Drawing on disparate lines of evidence, some researchers have been building a case that dietary fat intake affects dementia risk (see related news item). For example, higher dietary cholesterol increased cerebral Aβ deposition in some animal experiments, and certain polyunsaturated fats may have antiinflammatory properties, which might counteract the alleged inflammatory contribution to dementia. Some, but not all, epidemiologic studies have linked higher serum levels of cholesterol (mostly during midlife) with higher dementia risk, and cholesterol-lowering drugs such as statins appear to reduce the risk of Alzheimer's dementia.
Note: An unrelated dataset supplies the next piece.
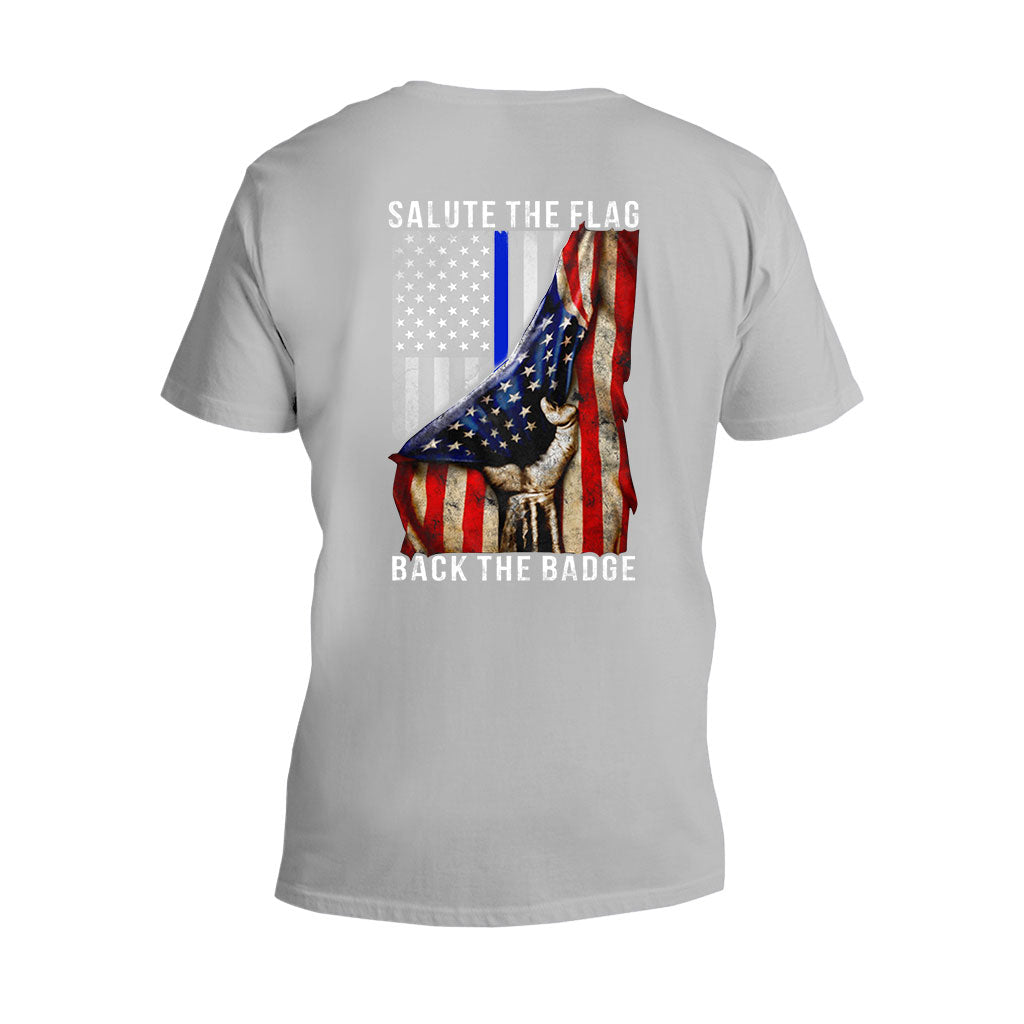 „Salute The Flag“ – T-Shirt und Hoodie für Polizeibeamte 0621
Indeed, earlier results from the Rotterdam study have contributed to this theory (see Kalmijn et al., 1997), finding that high intake of total fat and low intake of fish (with its high levels of cis n-3 polyunsaturated fatty acids) were significantly associated with risk of dementia at the two-year follow-up in the Rotterdam study.

Now Monique Breteler and her colleagues in the Netherlands at the Erasmus Medical Center and at the University of Utrecht report the findings of six years of follow-up in the study of elderly residents (55 years or older at baseline) of a suburb of Rotterdam. Of the 5,395 subjects whose baseline and follow-up exams included complete dietary data, 197 (seven percent) had developed dementia (146 with AD; 29 with vascular dementia; and 22 with other dementias).

The researchers found no contribution to dementia risk from the intake of total fat, saturated fatty acids, or trans-unsaturated fatty acids, or from dietary cholesterol (adjusted for age, gender, total energy intake, and vitamin E intake). Conversely, dietary intake of the so-called "good" fatty acids, the cis mono- or polyunsaturated fatty acids, failed to reduce AD risk. These findings held true for all dementias, vascular dementia, and AD, and when additional lifestyle elements were factored in (e.g., smoking, alcohol, fruit and vegetables, dietary supplements, body mass index). Similarly, excluding patients using lipid-lowering drugs, or those with myocardial infarction or diabetes, did not change the results.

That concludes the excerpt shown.